You will need to file amended tax returns for the years in question and there will almost assuredly be additional tax, penalties and interest due. Failing to amend the return before the IRS catches you could bring up the fraud issue, but I don't think someone in your situation would be prosecuted.
Actually, someone in their circumstances might not even get caught, but I just dealt with some clients over the last week in VERY similar circumstances.
It was the same thing...a divorce and the divorce brought to light the fact that they were not filing properly.
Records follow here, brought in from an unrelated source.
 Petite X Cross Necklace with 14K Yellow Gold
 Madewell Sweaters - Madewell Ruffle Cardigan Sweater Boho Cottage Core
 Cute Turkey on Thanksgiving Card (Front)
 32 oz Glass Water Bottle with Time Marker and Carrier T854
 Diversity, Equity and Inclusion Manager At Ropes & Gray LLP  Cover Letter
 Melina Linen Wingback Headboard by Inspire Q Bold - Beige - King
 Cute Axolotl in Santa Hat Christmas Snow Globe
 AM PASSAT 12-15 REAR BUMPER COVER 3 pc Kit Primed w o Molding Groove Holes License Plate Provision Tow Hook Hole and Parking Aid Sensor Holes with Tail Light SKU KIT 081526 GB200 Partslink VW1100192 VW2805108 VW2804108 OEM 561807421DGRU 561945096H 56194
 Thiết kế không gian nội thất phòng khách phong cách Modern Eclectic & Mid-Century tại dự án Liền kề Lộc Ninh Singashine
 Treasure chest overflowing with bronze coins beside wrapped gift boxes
The IRS got wind of it due to attorney requests for transcripts (with proper releases) to prove that the returns copies that were provided were accurate.
The IRS gave them 45 days to amend the original returns or they would consider the original returns to be fraudulent.
I had another set of clients recently that are going through bankruptcy, and again the IRS got wind of improper filing status through transcript requests...with similar results.
The IRS has hired about 15,000 new employees/auditors to specifically monitor these types of "cheating"....and has made their agents responsible for picking up on and reporting these kinds of issues (particularly if EIC is involved..which is almost always the case).
So fraud isn't necessarily a "bit much". Not any more. There are enormous quantities of people who have received EIC fraudulently and the IRS is working HARD to stamp that out.
When EIC is not involved its not a tremendous issue...but if they get wind of it they do "stomp" on it.